One patient showed a relief in her symptoms like headaches as well as the pain intensity during the night by 50% after three months and 80% after six months. However, side effects as slightly bruised ear-canals were also shown. In this case the patients were recommended to use a lubricant and the side effect was solved. Another side effect was the looseness of the device, in this case the device was reclaimed and the company produced a new one which is better fitting. The other patient reported a lower intensity of her headaches and has the feeling of clenching her teeth less. However, she also noticed muscle tension without pressing increased and by wearing her Cerezen™-devices she indicated hearing a rustling noise while chewing so she did not wear it while she ate. Three patients gave back their devices within the eight-week testing period with no interest of refinement of the devices for a better fit. One patient found that even after the refinement the fit of the devices was uncomfortable and, therefore, gave them back. The other patient felt a rebound after an initial improvement of her symptoms and gave back the devices after the refinement. Table 1 summarizes data of the patients included in this trial.
Table 1
Table of patient details such as age, gender, diagnosis, symptoms, duration discontinuation and first report of improvements
Details information about the patient base, their age, gender and their initial symptoms. It also shows how long the devices have been worn and whether or not the treatment got discontinued by the patients.
To describe the time-period that patients used their in-ear devices a Kaplan–Meier estimator was used.
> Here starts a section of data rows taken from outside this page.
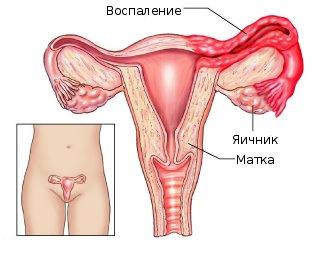Воспаление придатков причины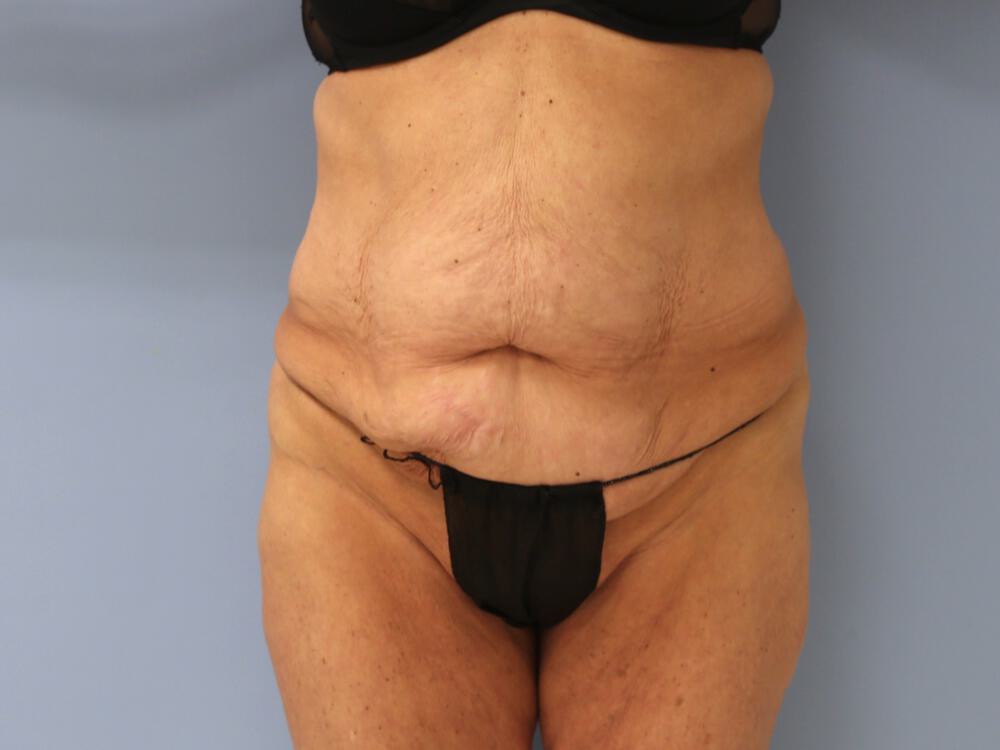 Surgery after weight loss Before & After Image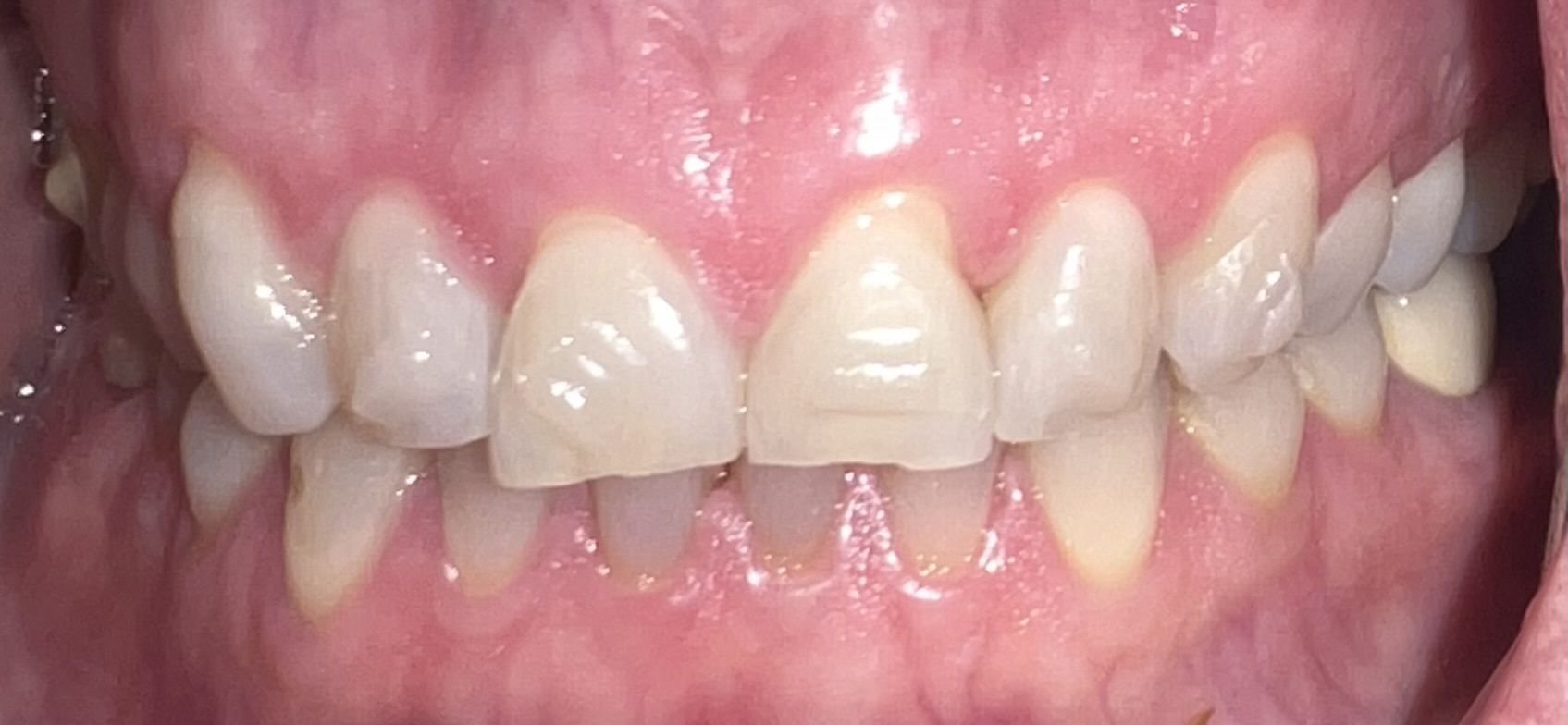 A close up of a person 's teeth and gums.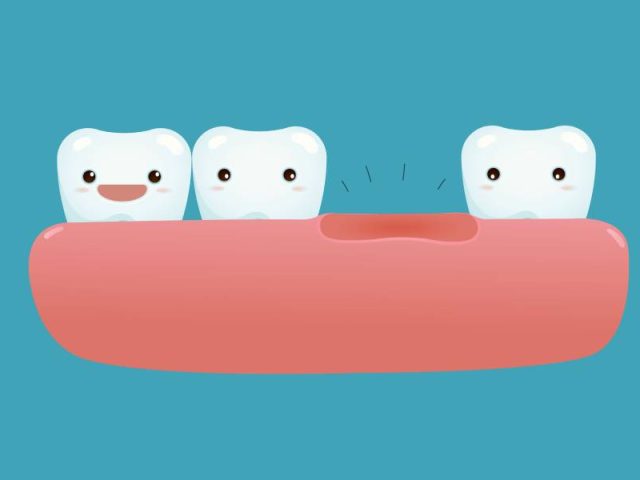 What are Your Options for Missing Teeth?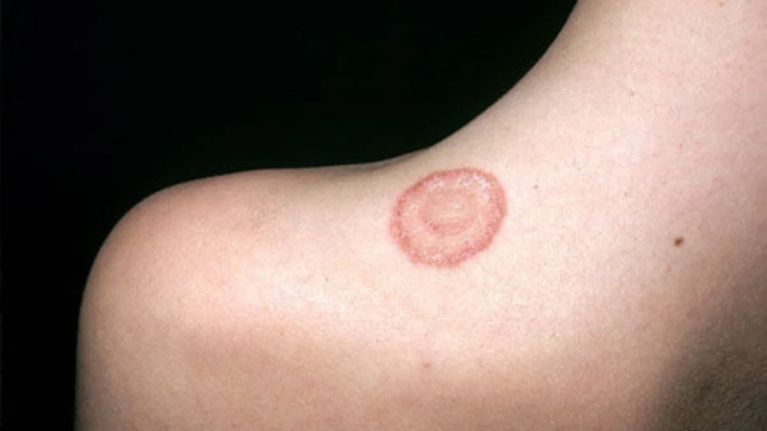 Dấu hiệu hắc lào lây từ mèo trên cánh tay người có viền đồng xu nổi gờ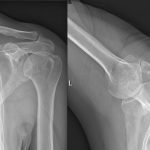 A 56-Year-Old Woman with Progressive Shoulder Pain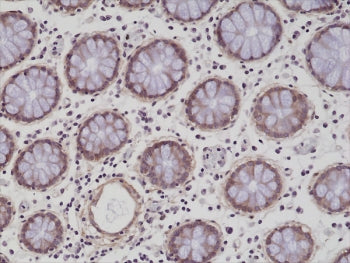 Integrin beta 1 Antibody / ITGB1 / CD29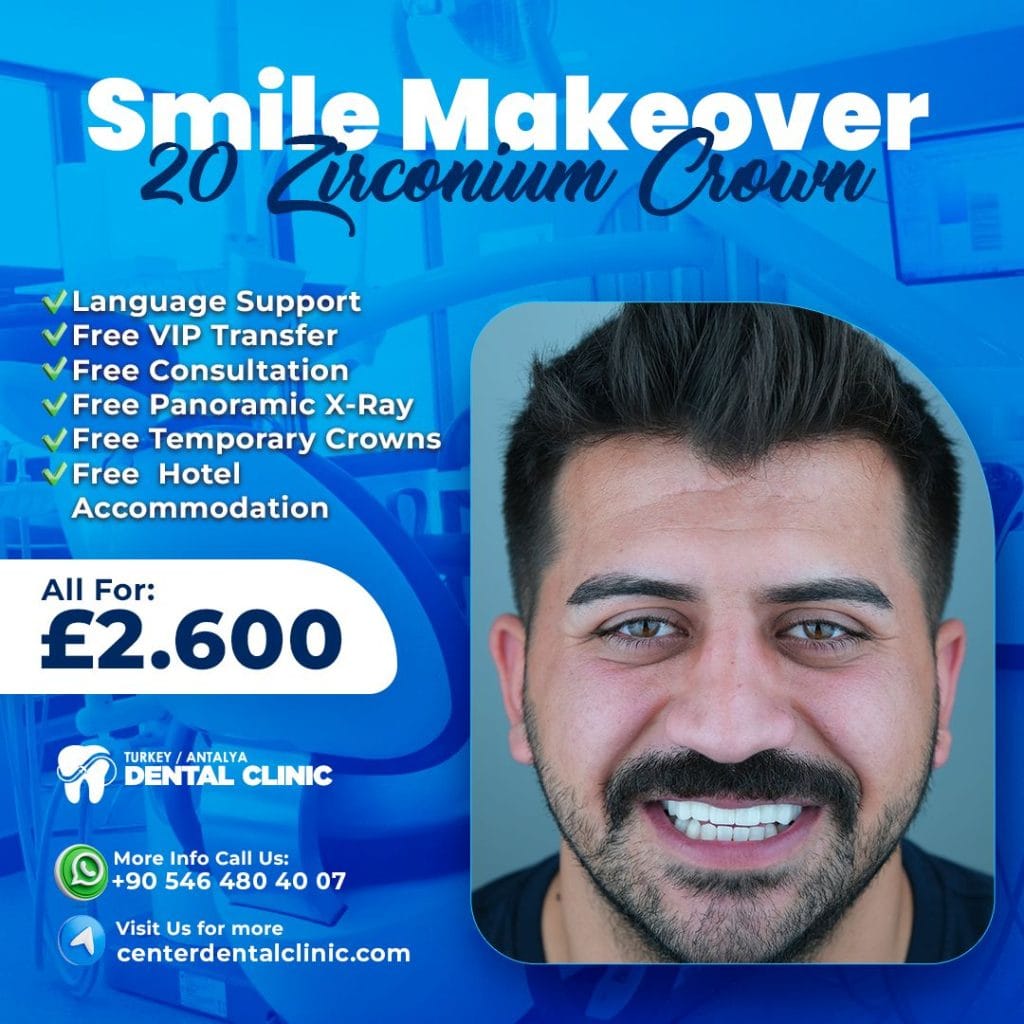 Smile Design in Antalya Turkey 16 Smile Makeover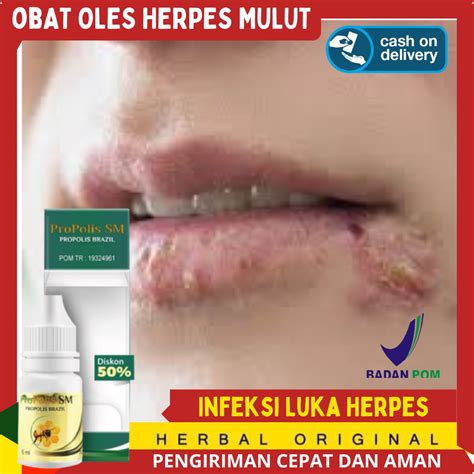 Jual Salep Herpes Genital Obat Oles Untuk Herpes Di Bibir Muncul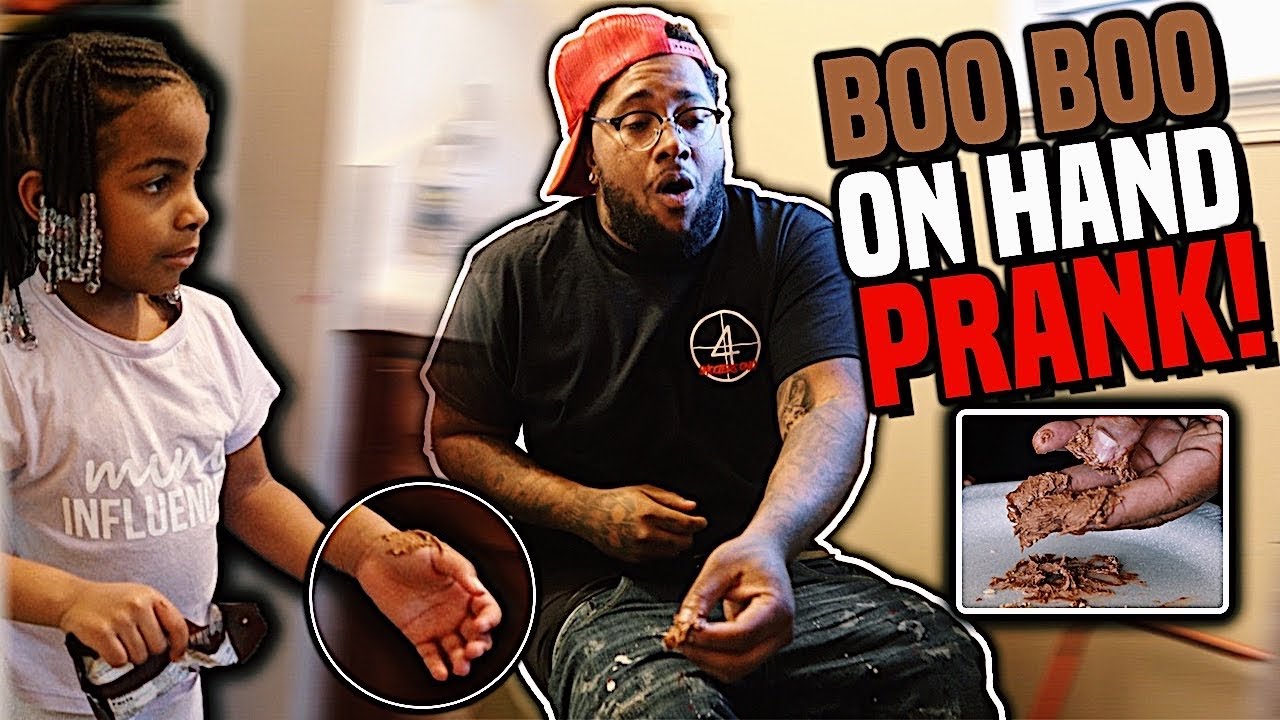 Boo Boo On Hand Prank Youtube
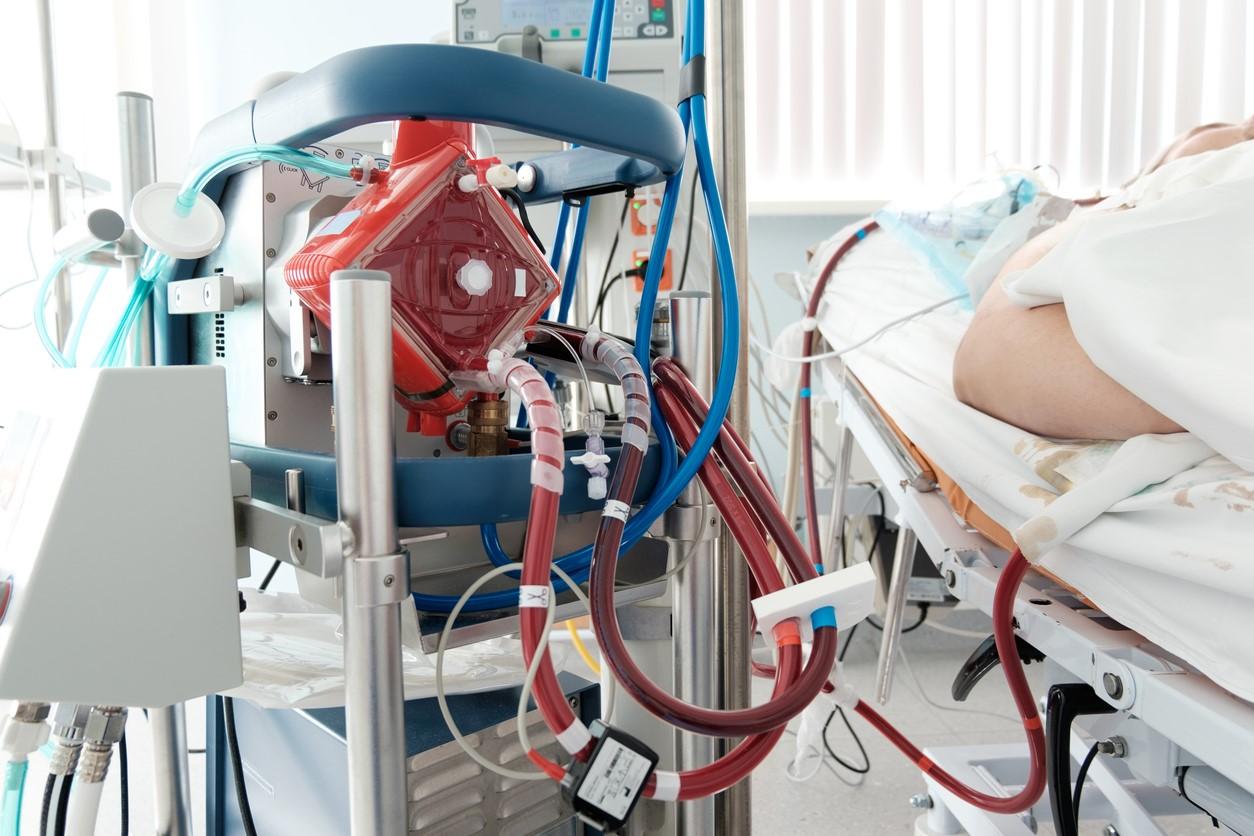 ECMO machine at hospital bedside
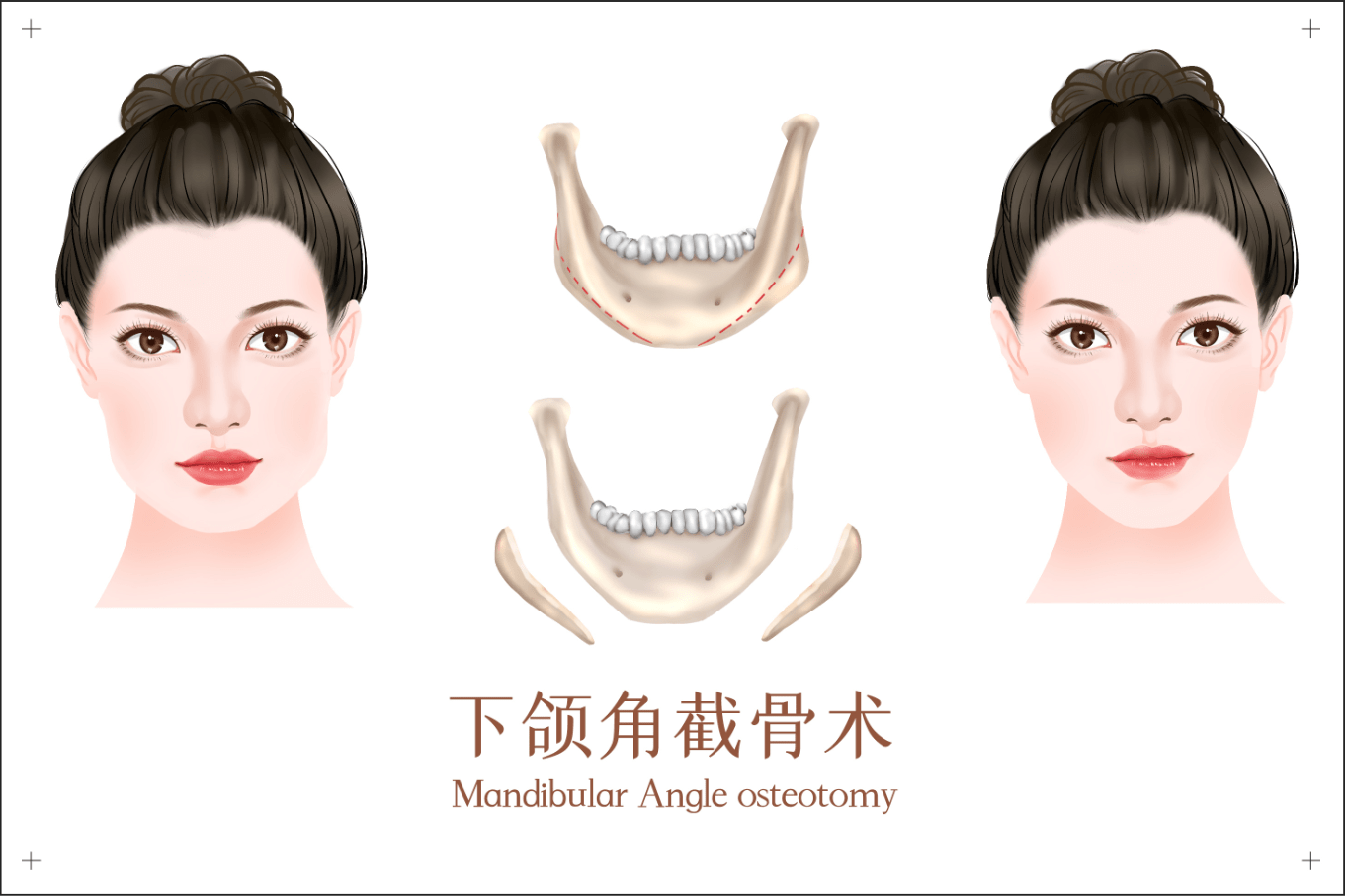 方脸变成瓜子脸下颌角肥大截骨手术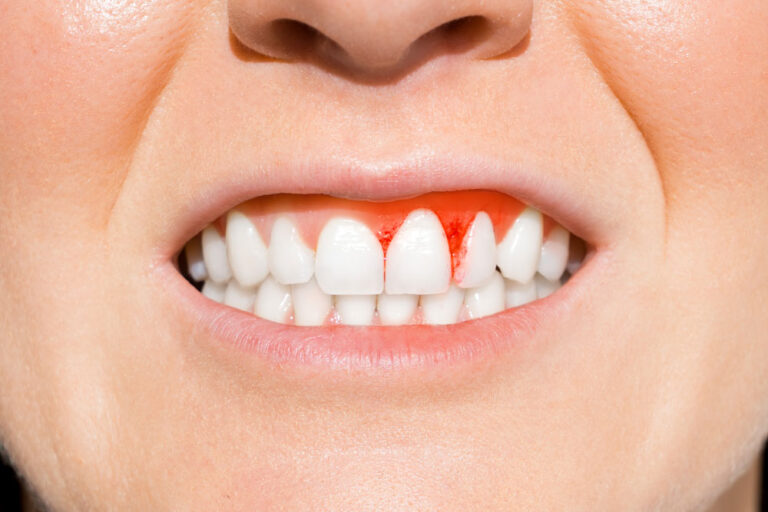 What are the most common periodontal diseases? Check out the list!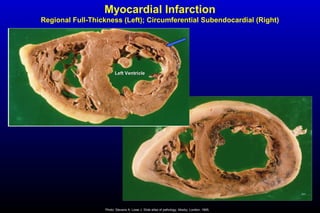 Myocardial Infarction
Regional Full-Thickness (Left); Circumferential Subendocardial (Right)
Photo: Stevens A, Lowe J. Slide atlas of pathology. Mosby, London, 1995.
Left VentricleLeft Ventricle
 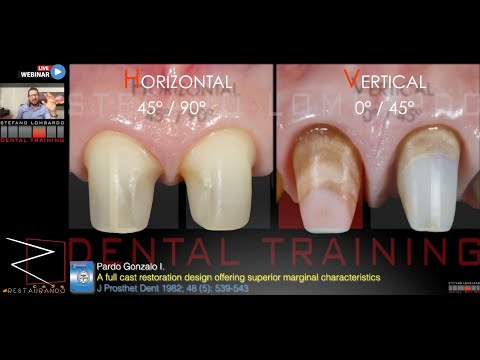 Video: La copertura dentale delta si ribasatura della protesi?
The Kaplan–Meier curve showed that the failure in the observed times is independent and therefore, the data consistent and asymptotically normal (Figure 3).
Logarithmic graph of survival over time
Kaplan–Meier curve asserted the assumption the independence of the data failure. The longest time a patient used the in-ear device was about 400 days.
Improvement of Teeth-Grinding
Teeth-grinding improved while awake in patient two and three who continued to wear the devices. Patient one gave back the device after five months. Initially she felt significant improvement of her symptoms but observed some relapse after four months which could be seen in her second and third follow-up (Figure 4).
Graphical chart showing frequency of teeth grinding and successive follow-up visits.
Graphical depiction of changes in frequency of teeth grinding among three patients. Patients two and three showed less grinding with follow-up progression. The results infer the benefit of biofeedback during the wakeful cycle.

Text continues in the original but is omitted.